METHODS AND RESULTS:
Ginsenoside Rd was administered to two-kidney, two-clip (2k2c) stroke-prone hypertensive rats to examine its effects on blood pressure, cerebrovascular remodeling and Ca(2+) entry in freshly isolated basilar arterial vascular smooth muscle cells (BAVSMCs). Its effects on endothelin-1 induced Ca(2+) entry and cellular proliferation were assessed in cultured BAVSMCs. The results showed that, in vivo, ginsenoside-Rd treatment attenuated basilar hypertrophic inward remodeling in 2k2c hypertensive rats without affecting systemic blood pressure.During the development of hypertension, there were time-dependent increases in receptor-operated Ca(2+) channel (ROCC)-, store-operated Ca(2+) channel (SOCC)- and voltage dependent Ca(2+) channel (VDCC)-mediated Ca(2+) entries in freshly isolated BAVSMCs. Ginsenoside-Rd reversed the increase in SOCC- or ROCC- but not VDCC-mediated Ca(2+) entry. In vitro, ginsenoside-Rd concentration-dependently inhibited endothelin-1 induced BAVSMC proliferation and Mn(2+) quenching rate within the same concentration range as required for inhibition of increased SOCC- or ROCC-mediated Ca(2+) entries during hypertension.
CONCLUSIONS:
These results provide in vivo evidence showing attenuation of hypertensive cerebrovascular remodeling after ginsenoside-Rd treatment. The underlying mechanism might be associated with inhibitory effects of ginsenoside-Rd on voltage-independent Ca(2+) entry and BAVSMC proliferation, but not with VDCC-mediated Ca(2+) entry.
J Pharm Pharmacol. 2004 Jan;56(1):107-13.
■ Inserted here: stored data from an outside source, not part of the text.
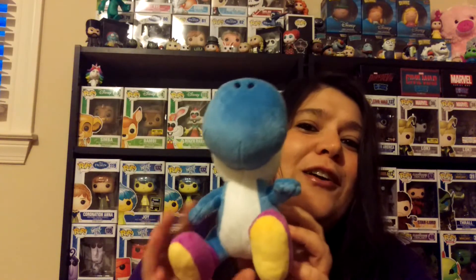Oh my god! If any of you guys know or have been watching my channel for a while, you guys will know that I'm going to go crazy over this item. It is a blue Yoshi figure! Oh my goodness — can you see that? How adorable is that? That'll go really well with my slowly growing Yoshi collection. He's so cute! I love him.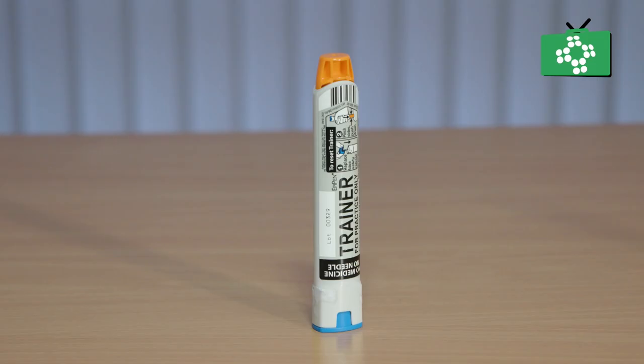The EpiPen is an auto-injector that administers adrenaline and is carried by people who have epilepsy so that it can be used if the person goes into anaphylactic shock. There are two types of EpiPen: the EpiPen and the EpiPen Junior.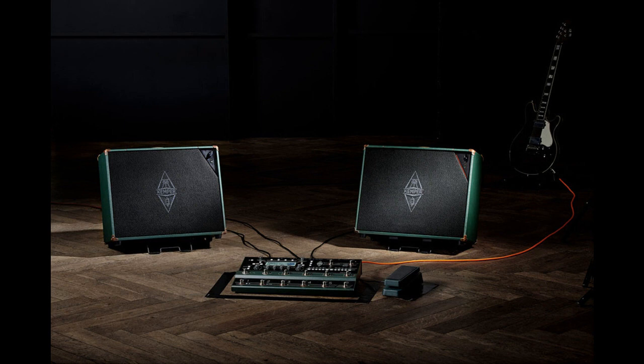Speaker imprints: By simply activating the profiler's well-known monitor cab-off function, the Kemper cone loudspeaker is switched from full-range mode to speaker imprint mode, which then exactly mimics one of 19 classic guitar speakers. The sound of these imprints should not be mistaken with the mic'd cabinet simulations of a profile — they are intended to bring back the good old amp-in-the-room sound. Since the intelligence of the speaker lies in the DSP of the profiler, it is possible to switch individual speaker imprints along with favorite rigs, without the need for extensive editing.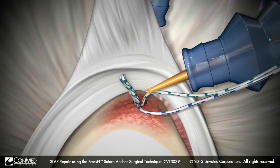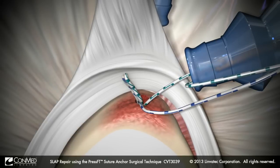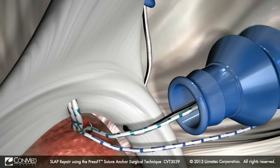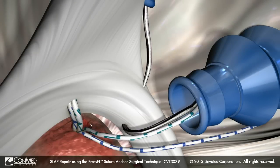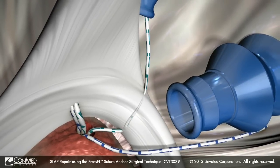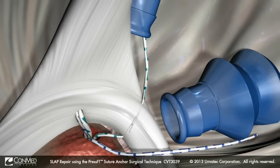Using a crochet hook, retrieve one of the limbs of suture from outside the anterior mid-glenoid portal. Using the spectrum crescent hook, shuttle this second limb of suture back through the labrum just adjacent to the anterior attachment of the biceps and closer to the glenoid, resulting in an anterior mattress stitch.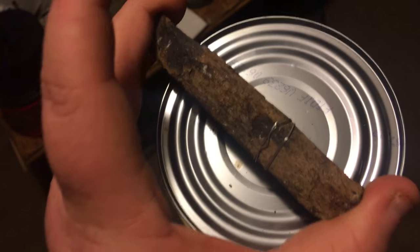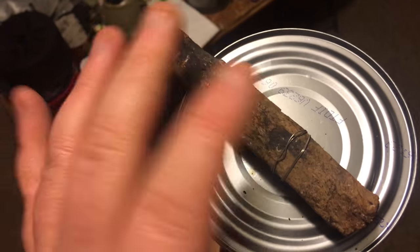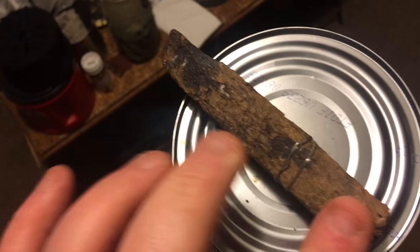I'm Matt with Smokey Mountain Bushcraft, making a quick impromptu video on a tripod setup. All you need is a tin can, some sort of wood, a piece of metal old wire with a hole through it, and a billy pot — just goes to show you don't need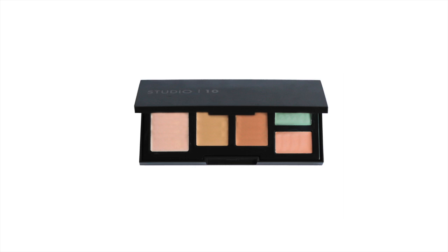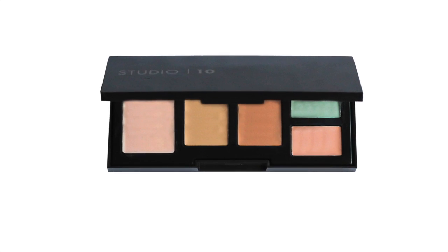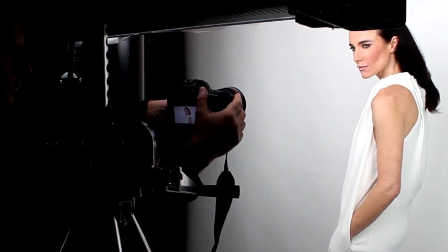The golden rule for concealer is to use the right shade, otherwise it can highlight a blemish rather than disguise it. Mix and blend the two shades to find the perfect colour match.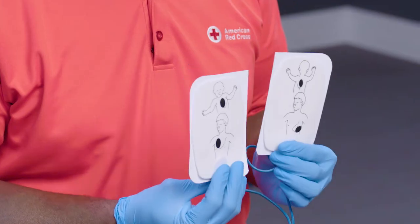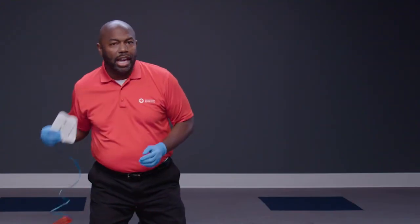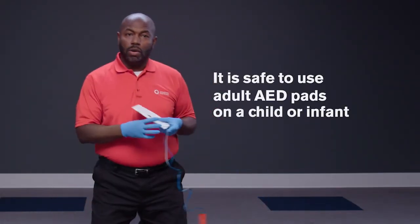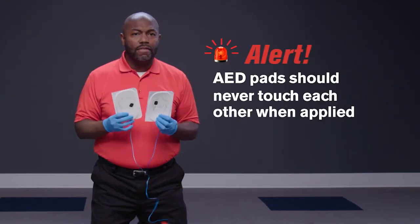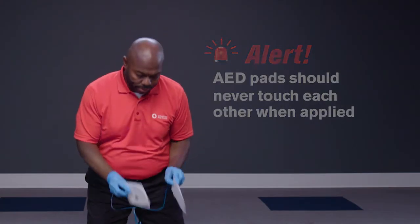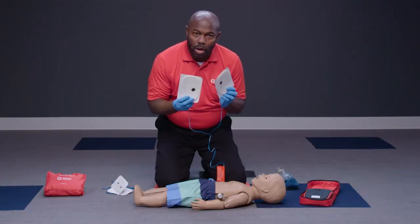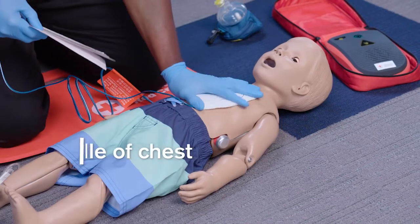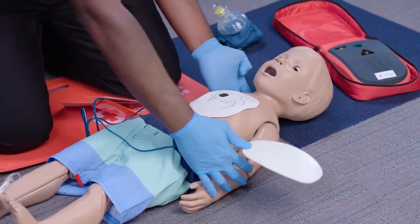For children, position the pads as depicted in the diagram. If pediatric AED pads are not available, it is safe to use adult AED pads. However, the AED pads should never touch each other. So if it appears the pads would touch, place one pad in the middle of the chest and the other pad on the back between the shoulder blades.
Ginsenoside-Rd attenuates oxidative damage related to aging in senescence-accelerated mice.[Pubmed:
14980007 ]
Among the various theories of the aging process, the free radical theory, which proposes that deleterious actions of free radicals are responsible for the functional deterioration associated with aging, has received widespread attention. The theory suggests that enhancement of the antioxidative defence system to attenuate free-radical-induced damage will counteract the aging process.
METHODS AND RESULTS:
We used senescence-accelerated mice (SAM) to investigate the relationship between aging and the antioxidative defence system and evaluated the effects of Ginsenoside Rd, the saponin from ginseng, by measuring antioxidative defence system parameters, including the glutathione (GSH)/glutathione disulfide (GSSG) redox status, antioxidative enzyme activity and level of lipid peroxidation. SAM at 11 months of age (old SAM) showed a significantly lower hepatic GSH/GSSG ratio, due to decreased GSH and increased GSSG levels, than SAM at 5 weeks of age (young SAM). However, the administration of Ginsenoside Rd at a dose of 1 or 5 mg kg(-1) daily for 30 days to 10-month-old SAM significantly increased GSH, but decreased GSSG, resulting in elevation of the GSH/GSSG ratio. In addition, Ginsenoside Rd increased the activity of glutathione peroxidase (GSH-Px) and glutathione reductase that were both significantly lower in old SAM than in young SAM. This suggests that Ginsenoside Rd could play a crucial role in enhancing the defence system through regulation of the GSH/GSSG redox status. Moreover, decreases in the superoxide dismutase (SOD) and catalase activity in old SAM compared with young SAM were also revealed, indicating that the aging process resulted in suppression of the antioxidative defence system. However, Ginsenoside Rd did not affect SOD and catalase activity. As catalase is localized in peroxisome granules and GSH-Px is present in the cytoplasm and mitochondrial matrix, the site of Ginsenoside Rd action may be the cytoplasm and mitochondrial matrix. Furthermore, the serum and liver malondialdehyde levels, indicators of lipid peroxidation, were elevated with aging, while ginsenoside-Rd inhibited lipid peroxidation.
CONCLUSIONS:
This study indicates that the aging process leads to suppression of the antioxidative defence system and accumulation of lipid peroxidation products, while Ginsenoside Rd attenuates the oxidative damage, which may be responsible for the intervention of GSH/GSSG redox status.